(Short descriptive text snippets)
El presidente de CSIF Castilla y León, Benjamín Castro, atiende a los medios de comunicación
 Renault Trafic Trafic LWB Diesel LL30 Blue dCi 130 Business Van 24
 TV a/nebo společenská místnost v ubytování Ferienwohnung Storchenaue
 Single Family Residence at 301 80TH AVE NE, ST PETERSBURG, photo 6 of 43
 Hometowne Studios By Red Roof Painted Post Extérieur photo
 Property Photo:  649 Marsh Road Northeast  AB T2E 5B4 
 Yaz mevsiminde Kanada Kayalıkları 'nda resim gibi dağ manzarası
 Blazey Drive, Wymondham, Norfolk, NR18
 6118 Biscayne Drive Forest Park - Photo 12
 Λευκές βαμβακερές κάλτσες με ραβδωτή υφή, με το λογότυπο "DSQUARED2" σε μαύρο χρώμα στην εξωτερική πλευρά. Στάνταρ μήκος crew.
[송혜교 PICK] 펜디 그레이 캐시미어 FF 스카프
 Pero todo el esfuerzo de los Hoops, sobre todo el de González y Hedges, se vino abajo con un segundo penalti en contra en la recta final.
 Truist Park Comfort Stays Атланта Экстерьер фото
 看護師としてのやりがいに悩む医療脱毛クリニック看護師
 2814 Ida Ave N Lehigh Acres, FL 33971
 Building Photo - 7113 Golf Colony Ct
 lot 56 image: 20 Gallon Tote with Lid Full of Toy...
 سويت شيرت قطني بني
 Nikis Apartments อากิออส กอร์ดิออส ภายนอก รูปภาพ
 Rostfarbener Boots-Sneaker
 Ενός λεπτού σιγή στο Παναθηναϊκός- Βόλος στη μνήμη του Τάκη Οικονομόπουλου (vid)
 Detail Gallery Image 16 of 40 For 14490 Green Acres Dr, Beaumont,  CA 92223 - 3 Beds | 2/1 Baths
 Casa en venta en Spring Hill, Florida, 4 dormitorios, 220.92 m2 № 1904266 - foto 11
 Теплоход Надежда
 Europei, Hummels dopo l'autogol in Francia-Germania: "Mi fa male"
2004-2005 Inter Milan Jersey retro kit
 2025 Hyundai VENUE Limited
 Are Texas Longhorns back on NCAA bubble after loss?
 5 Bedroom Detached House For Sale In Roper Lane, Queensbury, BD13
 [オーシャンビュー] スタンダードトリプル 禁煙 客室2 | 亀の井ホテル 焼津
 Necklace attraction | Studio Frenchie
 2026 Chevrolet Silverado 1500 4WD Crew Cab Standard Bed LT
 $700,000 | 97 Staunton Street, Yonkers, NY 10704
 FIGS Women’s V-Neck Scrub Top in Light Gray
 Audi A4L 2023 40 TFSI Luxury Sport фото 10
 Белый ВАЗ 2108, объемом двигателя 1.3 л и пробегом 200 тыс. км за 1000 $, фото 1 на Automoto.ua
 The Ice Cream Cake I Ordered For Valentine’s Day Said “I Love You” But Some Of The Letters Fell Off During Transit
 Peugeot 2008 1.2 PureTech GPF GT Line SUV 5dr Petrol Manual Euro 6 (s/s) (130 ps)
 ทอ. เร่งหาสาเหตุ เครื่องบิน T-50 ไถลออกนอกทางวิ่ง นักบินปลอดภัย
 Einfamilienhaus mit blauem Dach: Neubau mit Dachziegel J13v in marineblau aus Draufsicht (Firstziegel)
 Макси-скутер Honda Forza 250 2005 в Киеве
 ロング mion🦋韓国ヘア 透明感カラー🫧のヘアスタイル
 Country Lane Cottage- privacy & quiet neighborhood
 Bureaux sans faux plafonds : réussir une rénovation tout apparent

Brief:
Starting with the first line of the records above, give back each line exactly until the line with "2814 Ida Ave N Lehigh Acres, FL 33971" has been given as well.

Response:
El presidente de CSIF Castilla y León, Benjamín Castro, atiende a los medios de comunicación
 Renault Trafic Trafic LWB Diesel LL30 Blue dCi 130 Business Van 24
 TV a/nebo společenská místnost v ubytování Ferienwohnung Storchenaue
 Single Family Residence at 301 80TH AVE NE, ST PETERSBURG, photo 6 of 43
 Hometowne Studios By Red Roof Painted Post Extérieur photo
 Property Photo:  649 Marsh Road Northeast  AB T2E 5B4 
 Yaz mevsiminde Kanada Kayalıkları 'nda resim gibi dağ manzarası
 Blazey Drive, Wymondham, Norfolk, NR18
 6118 Biscayne Drive Forest Park - Photo 12
 Λευκές βαμβακερές κάλτσες με ραβδωτή υφή, με το λογότυπο "DSQUARED2" σε μαύρο χρώμα στην εξωτερική πλευρά. Στάνταρ μήκος crew.
[송혜교 PICK] 펜디 그레이 캐시미어 FF 스카프
 Pero todo el esfuerzo de los Hoops, sobre todo el de González y Hedges, se vino abajo con un segundo penalti en contra en la recta final.
 Truist Park Comfort Stays Атланта Экстерьер фото
 看護師としてのやりがいに悩む医療脱毛クリニック看護師
 2814 Ida Ave N Lehigh Acres, FL 33971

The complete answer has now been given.